### What this task involves
Restate the records in full and exactly, with no images included.

Web page caption snippets
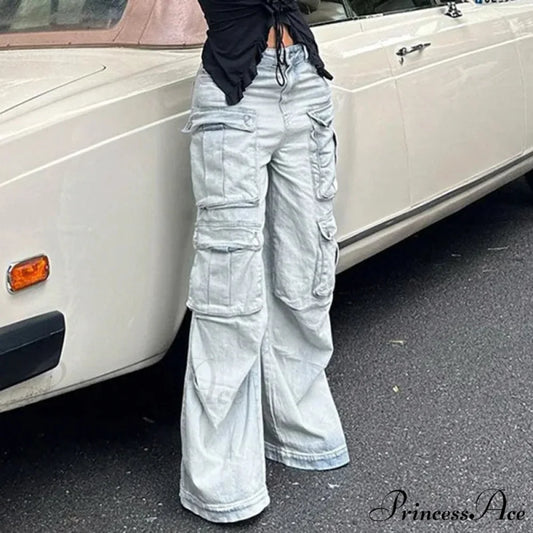 Straight Casual Multi-pocket Paneled Cargo Fashion Washed Wide Leg High-waisted High Street Y2K Jean Blue / S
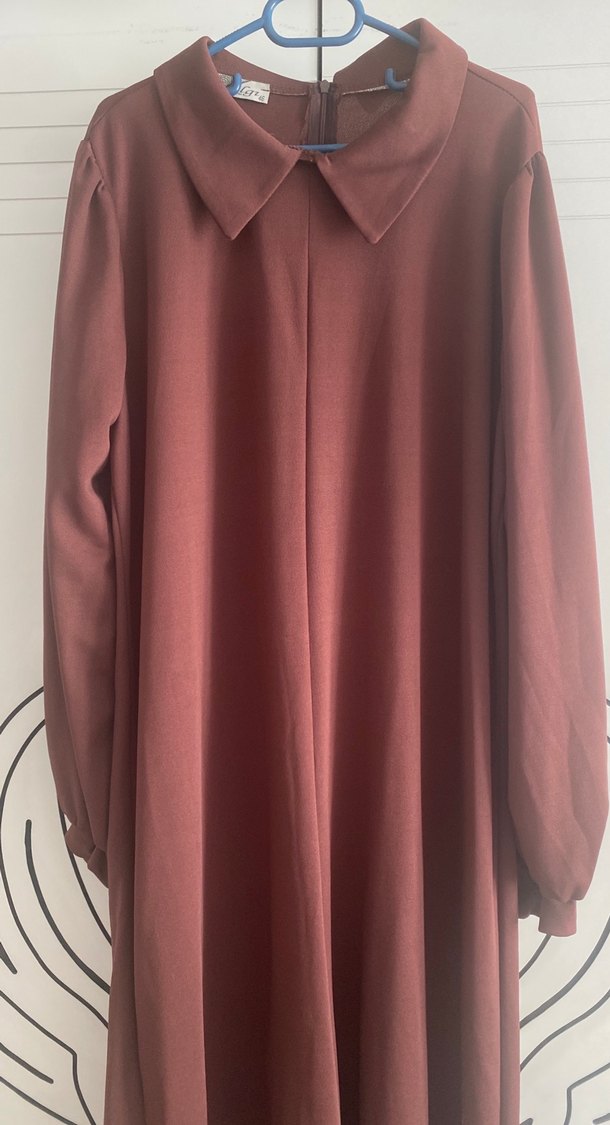 Koyu kahve Uzun Kollu Salaş Kadın tulum - Görsel 4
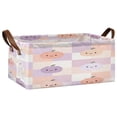 thumbnail image 1 of Foldable Iron Frame Storage Basket Open Basket Bins Versatile Organizer for Laundry Bathroom Closet 16.9” x 11.4” x 7.7” Light-colored Pumpkin, 1 of 7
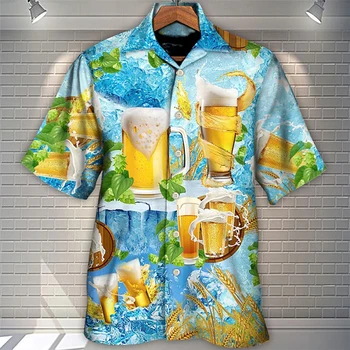 2023 Гавайская Рубашка для Мужчин, Повседневные Мужские Рубашки Оверсайз, Летний Череп, 3D, Уличная Одежда, Пляжные Мужские Топы, Модная Блузка С Коротким Рукавом
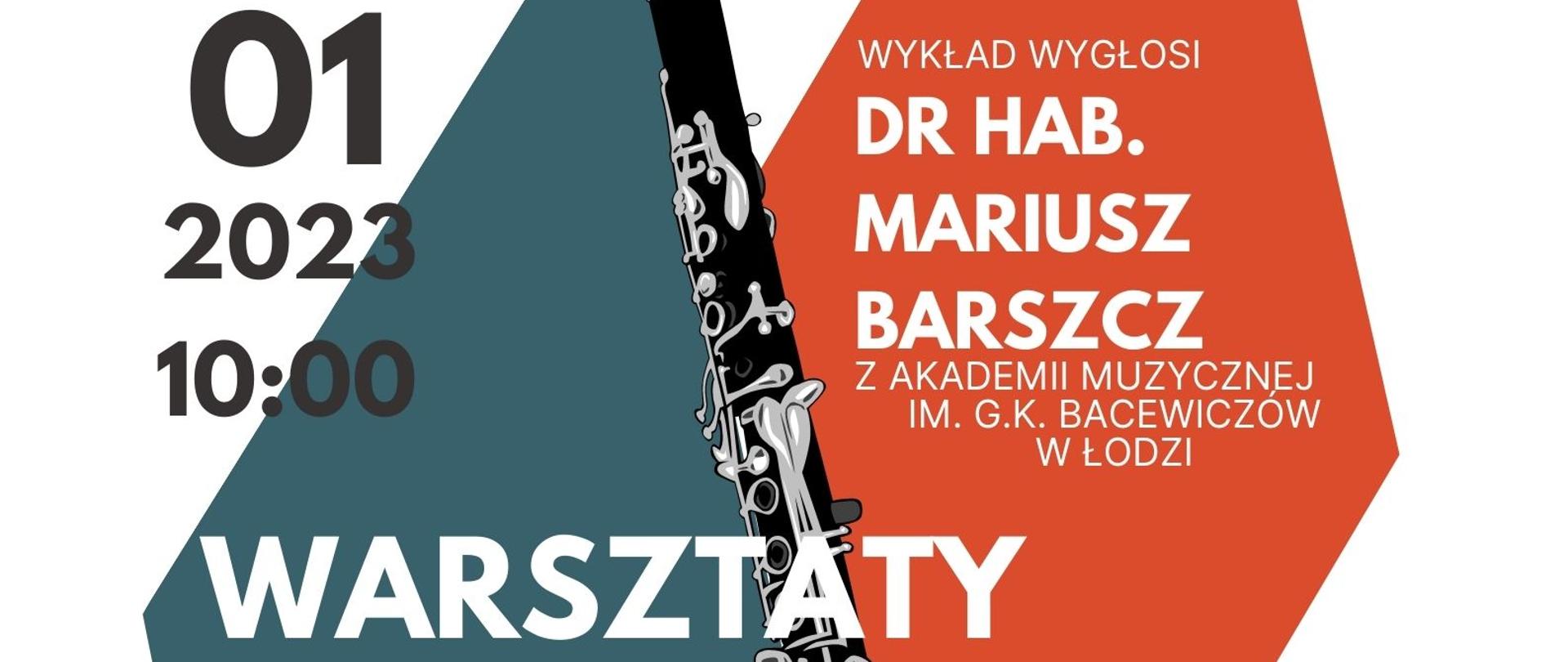 plakat przedstawia informacje o warsztatach klarnetowych w dniu 1.03.2023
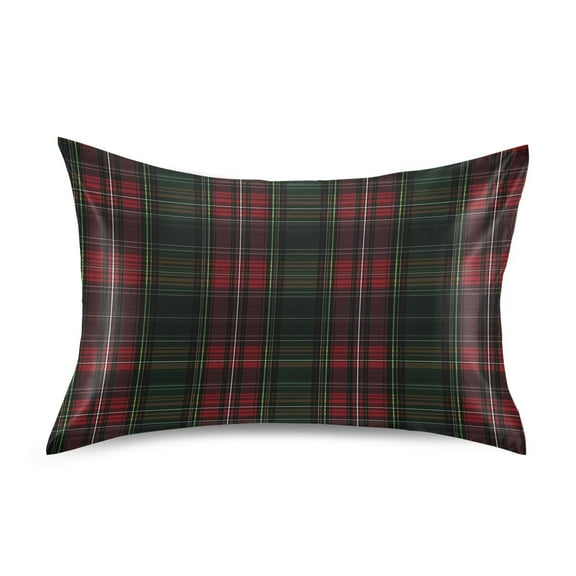 JSTEL Green and Red Tartan Plaid Satin Pillowcase Standard Size Pillow Cases Envelope Closure Bed Pillow Cover, 20 x 26 inch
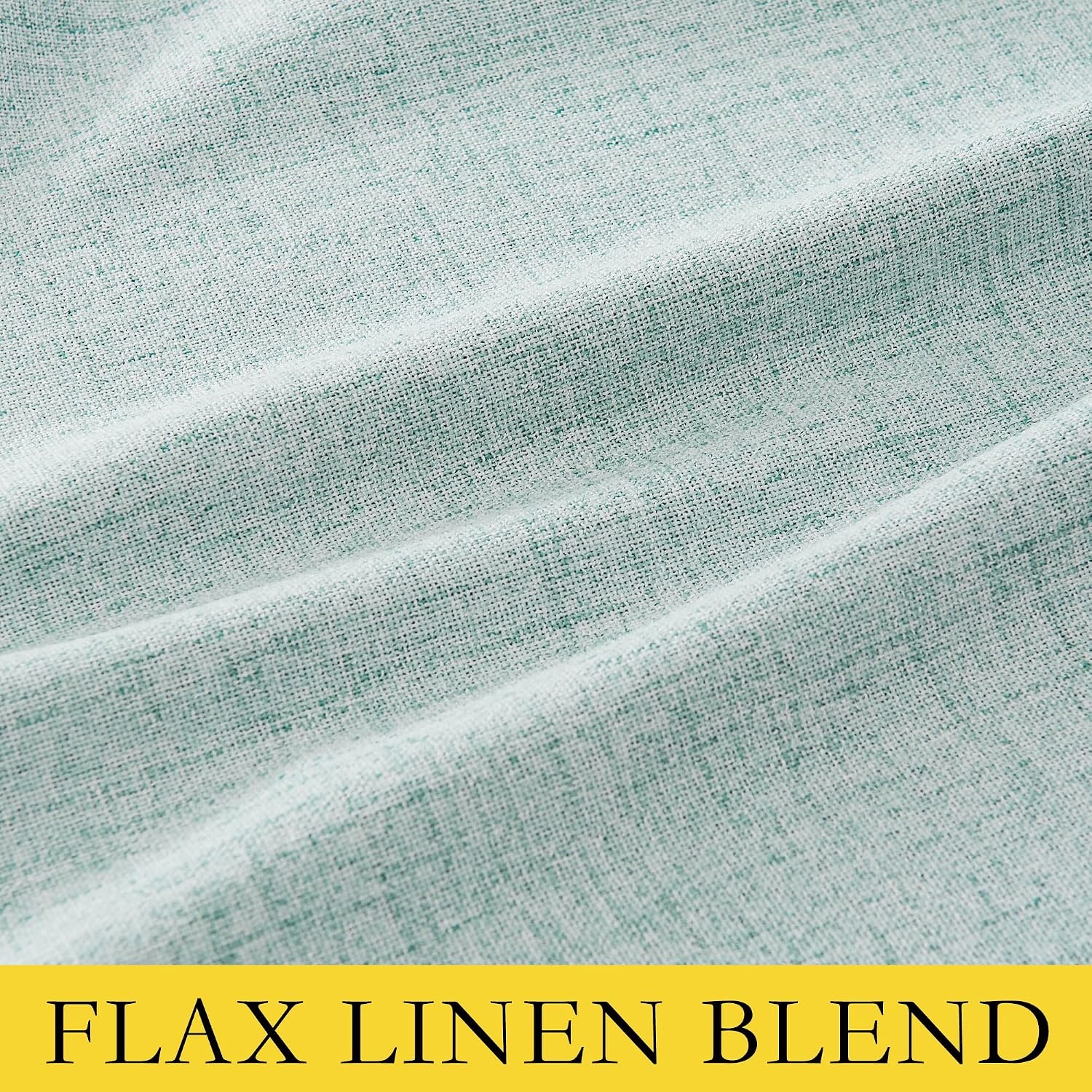 image:imageNICETOWN 100 Blackout Linen Curtains for BedroomLiving Room 90 L 2 PCsSeafoam Green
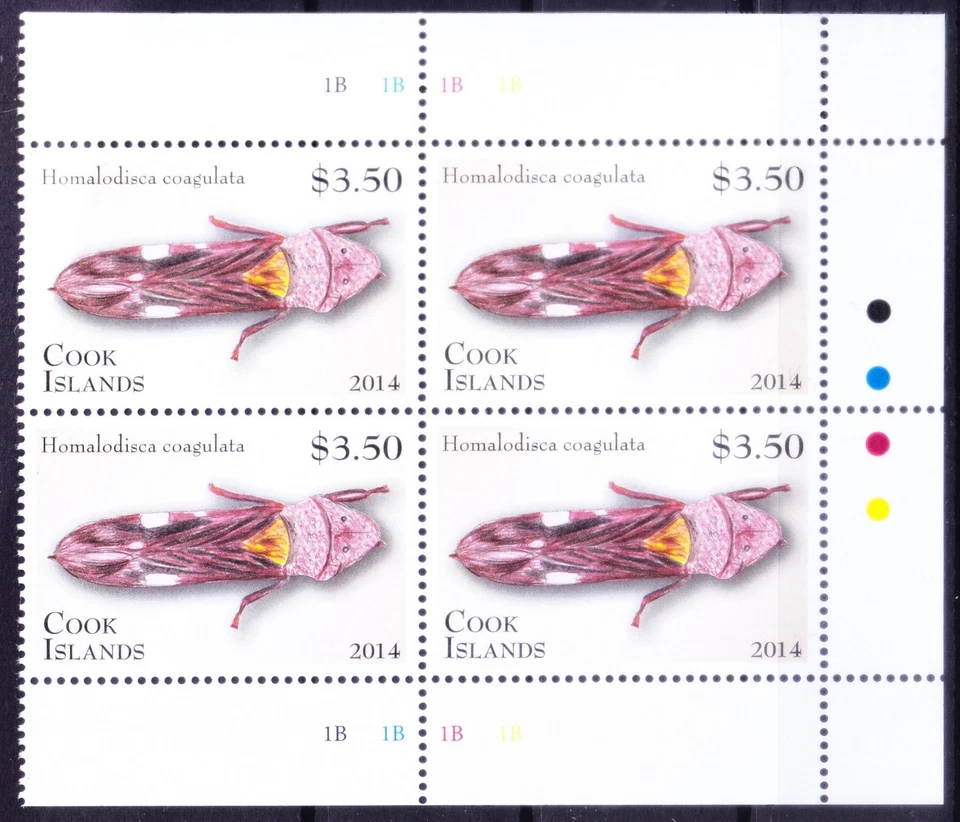 Cook Islands 2014 MNH TL Blk, Glassy winged sharpshooter, Insects, Entomology - Image 1 of 1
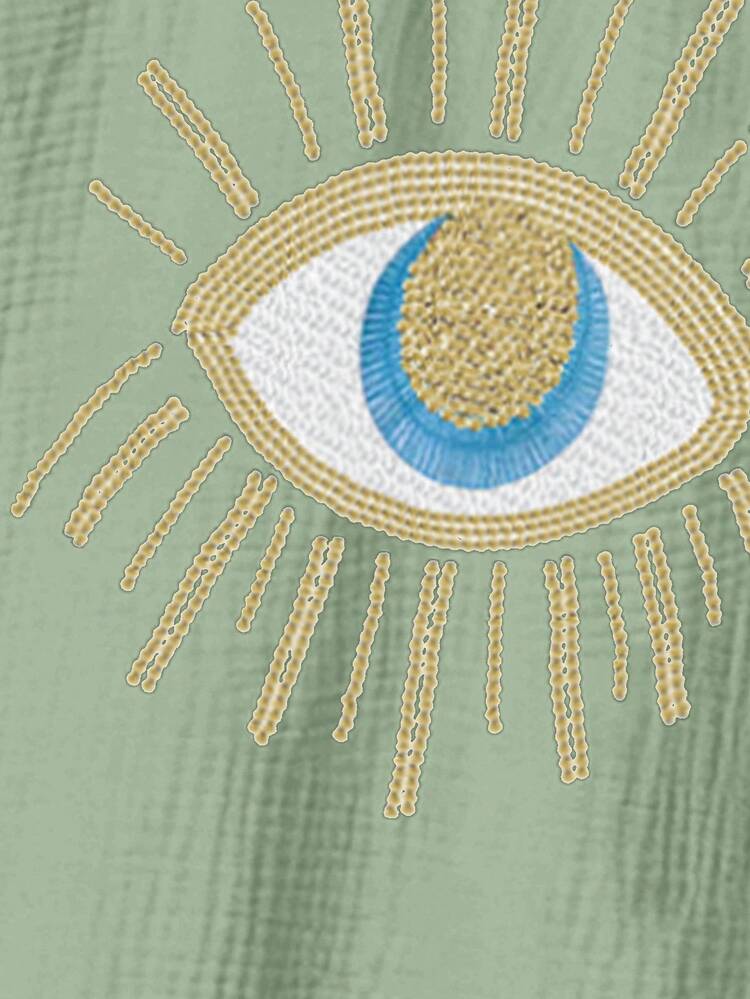 Vestido largo holgado de manga raglán con estampado de ojo para mujer - verde menta - Añade 4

### Exercise answer
 Straight Casual Multi-pocket Paneled Cargo Fashion Washed Wide Leg High-waisted High Street Y2K Jean Blue / S
 Koyu kahve Uzun Kollu Salaş Kadın tulum - Görsel 4
 thumbnail image 1 of Foldable Iron Frame Storage Basket Open Basket Bins Versatile Organizer for Laundry Bathroom Closet 16.9” x 11.4” x 7.7” Light-colored Pumpkin, 1 of 7
 2023 Гавайская Рубашка для Мужчин, Повседневные Мужские Рубашки Оверсайз, Летний Череп, 3D, Уличная Одежда, Пляжные Мужские Топы, Модная Блузка С Коротким Рукавом
 plakat przedstawia informacje o warsztatach klarnetowych w dniu 1.03.2023
 JSTEL Green and Red Tartan Plaid Satin Pillowcase Standard Size Pillow Cases Envelope Closure Bed Pillow Cover, 20 x 26 inch
 image:imageNICETOWN 100 Blackout Linen Curtains for BedroomLiving Room 90 L 2 PCsSeafoam Green
 Cook Islands 2014 MNH TL Blk, Glassy winged sharpshooter, Insects, Entomology - Image 1 of 1
 Vestido largo holgado de manga raglán con estampado de ojo para mujer - verde menta - Añade 4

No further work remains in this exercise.